**Description of the task:**
Keep the pictures out while you transcribe the listing below exactly.

**Supplied material:**

____

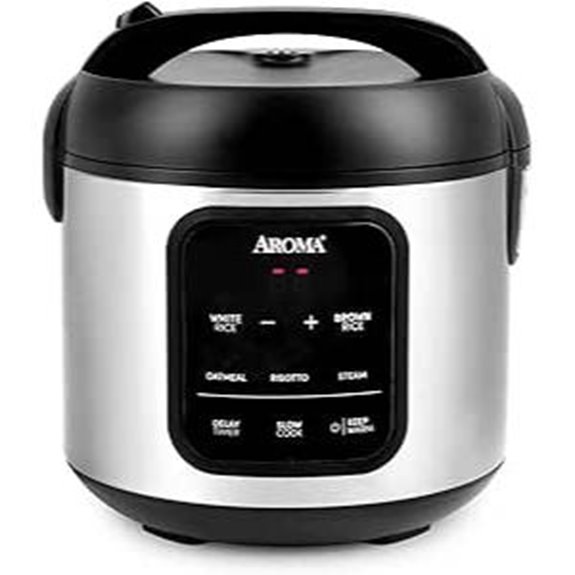 AROMA Digital Rice Cooker 2 Qt Multi-Function Stainless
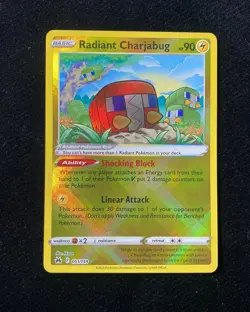 2023 Pokemon TCG English 051/159 Radiant Charjabu Crown Zenith Holo M10 HC22 - Image 1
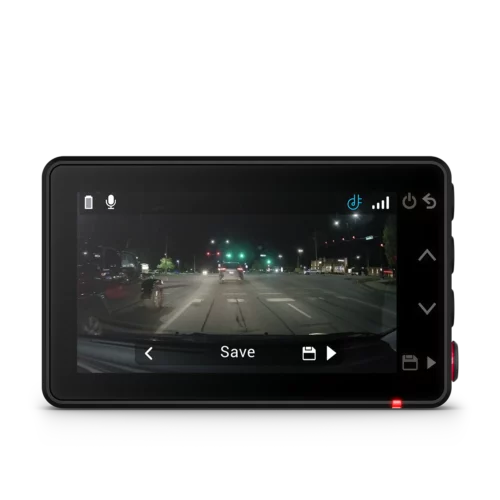 Garmin Dash Cam X210 intersection at night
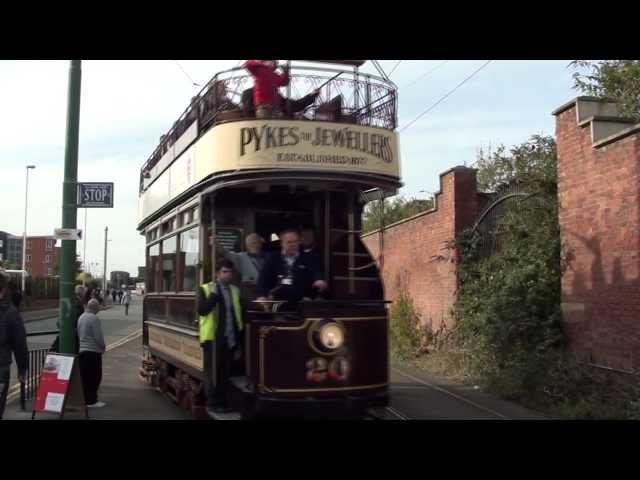 Trams at Wirral Bus & Tram Show 7 Oct 2012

____

**Solution for this exercise:**
 AROMA Digital Rice Cooker 2 Qt Multi-Function Stainless
 2023 Pokemon TCG English 051/159 Radiant Charjabu Crown Zenith Holo M10 HC22 - Image 1
 Garmin Dash Cam X210 intersection at night
 Trams at Wirral Bus & Tram Show 7 Oct 2012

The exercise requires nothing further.